The review analyzed data from the 14 (at the time) privately contracted prisons in comparison to a select group of 14 BOP institutions to evaluate performance. The analysis included data from all institutions between 2011 and 2014 in eight key categories: contraband, reports of incidents, lockdowns, inmate discipline, telephone monitoring, selected grievances, urinalysis drug testing and sexual misconduct. The contract prisons had more incidents per capita than the BOP institutions in all categories, with the exception of having fewer incidents of positive drug tests and sexual misconduct.
“[The private prisons] simply do not provide the same level of correctional services, programs and resources; they do not save substantially on costs; and as noted in a recent report by the Department’s Office of Inspector General, they do not maintain the same level of safety and security,” Yates wrote.
While Yates’ directive is significant for the federal prison system, it does not apply to state prisons, even ones that are privately run, even though a majority of inmates are housed there. It also doesn’t apply to Immigration and Customs Enforcement and U.S. Marshals Service detainees, who are part of the federal system but not under the supervision of the BOP.
It is only limited to the 13 private prison facilities still in operation, which now houses about 22,660 inmates (or about 12 percent of the BOP’s total inmate population). These facilities hold mainly low-security men with 90 months or less time left to serve on their sentences, according to the review. All of the contracts for these facilities will come up for renewal in the next five years, and at that time, will need to be reduced or allowed to expire, according to Yates’ directive.
BOP began contracting with privately operated correctional institutions about a decade ago to accommodate the federal prison population, which increased by almost 800 percent between 1980 and 2013. The private prisons are mainly operated by three private corporations: Corrections Corporation of America (CCA), GEO Group Inc. (GEO) and Management and Training Corporation (MTC).
After the announcement, shares for CCA and GEO dropped 35 percent and 39 percent, respectively. These drops happened even despite the fact that the BOP correctional facilities only make up a portion of their business. For instance, they only account for 7 percent of CCA’s business.

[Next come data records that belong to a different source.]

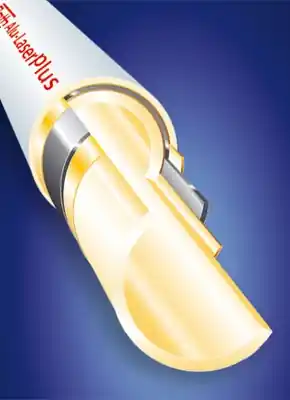 Begränsat antal Roth, Alu-LaserPlus®, Rör, naket rör på rulle, 26x3,0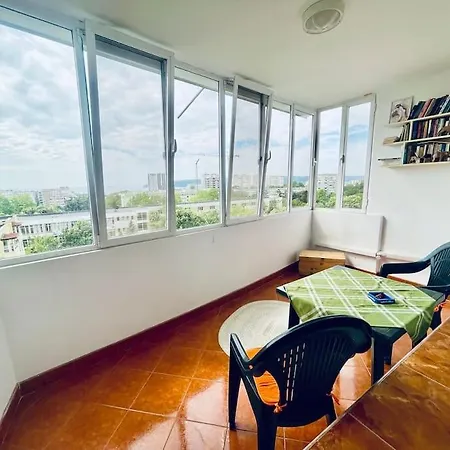 Apartment Sea Garden Paradise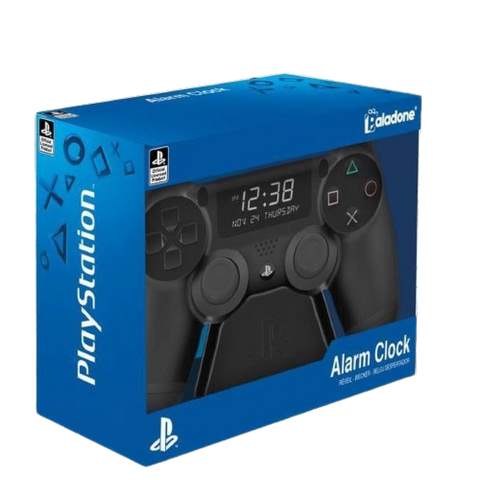 Paladone PlayStation Alarm Clock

“The Inspector General’s report used to buttress this decision has significant flaws,” said CCA Spokesman Jonathan Burns in an email to Time Inc. “And they failed to account for the impact of elements such as population demographics or the scope and efficacy of efforts to mitigate contraband. The findings simply don’t match up to the numerous independent studies that show our facilities to be equal or better with regard to safety and quality, or the excellent feedback we get from our partners at all levels of government.”